Шукшин изображал случаи, частности, его жанр - физиологический очерк (мы возвращаемся к литературному термину XIX века, как нельзя лучше, на наш взгляд, объясняющему сегодня связь важных явлений литературы и искусства с конкретной социологией).
Шукшина интересовали характеры.
Тарковского - типы.
Однако сначала о каждом из них в отдельности.
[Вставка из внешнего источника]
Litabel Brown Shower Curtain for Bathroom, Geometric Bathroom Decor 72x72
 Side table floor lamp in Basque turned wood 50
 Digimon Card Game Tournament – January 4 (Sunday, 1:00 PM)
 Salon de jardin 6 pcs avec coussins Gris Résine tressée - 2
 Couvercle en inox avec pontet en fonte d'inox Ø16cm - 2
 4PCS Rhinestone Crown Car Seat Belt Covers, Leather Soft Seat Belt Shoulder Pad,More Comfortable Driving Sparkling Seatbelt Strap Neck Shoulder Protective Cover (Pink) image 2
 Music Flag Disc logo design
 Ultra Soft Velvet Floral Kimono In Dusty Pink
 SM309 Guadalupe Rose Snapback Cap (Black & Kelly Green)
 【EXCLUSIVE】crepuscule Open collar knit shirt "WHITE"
2Становление Андрея Тарковского совпало с периодом, когда литература и искусство, само художественное мышление, претерпели огромное воздействие философии и естествознания. Был даже момент, кода уже казалось, что наука оттесняет искусство на второй план. Следующие одно за другим ошеломляющие открытия завоевали науке неслыханный авторитет. Большое впечатление производило то, что важнейшие открытия делалась совсем еще молодыми людьми, обладавшими не только «точным расчетом», но и неограниченной фантазией. Казалось, что в физике можно быть больше поэтом, чем в самой поэзии. Но вот время, когда учащаяся молодежь, охладев к гуманитарным наукам, хлынула на физико-математические факультеты, осталось позади, снова «лирики» (в широком смысле слова, сказанного поэтом Борисом Слуцким) оказались в почете; однако это не значит, что история дала задний ход. Как изобретение паровой машины, затем электричества, изобретение теперь атомной энергии было вызвано потребностями истории и стало ускорителем ее. Во всех случаях воздействие технического прогресса на все области материальной и духовной жизни было необратимым. Но и цена прогресса оказалась высокой, обнаружились непредвиденные драмы - рвались связи человека не только с современностью, но и с историей, не только с обществом, но и с природой.
Тарковский оказался чутким к социальной сущности этих драм; по существу, его картины - зеркало духовного кризиса, в этом смысле «Зеркало» - его главная картина, зеркало - его тема (в личном плане сюжет картины с таким названием составила жизнь его матери; в плане философском она отражает трагичность существования, смысл которого человек осознает в момент, когда «мир сдвинут с места»). Стоит ли удивляться тому, сколь значительное место заняли в его творчестве проблемы истории, как занимали его нравственные искания, в которых все отчетливее звучали религиозные мотивы.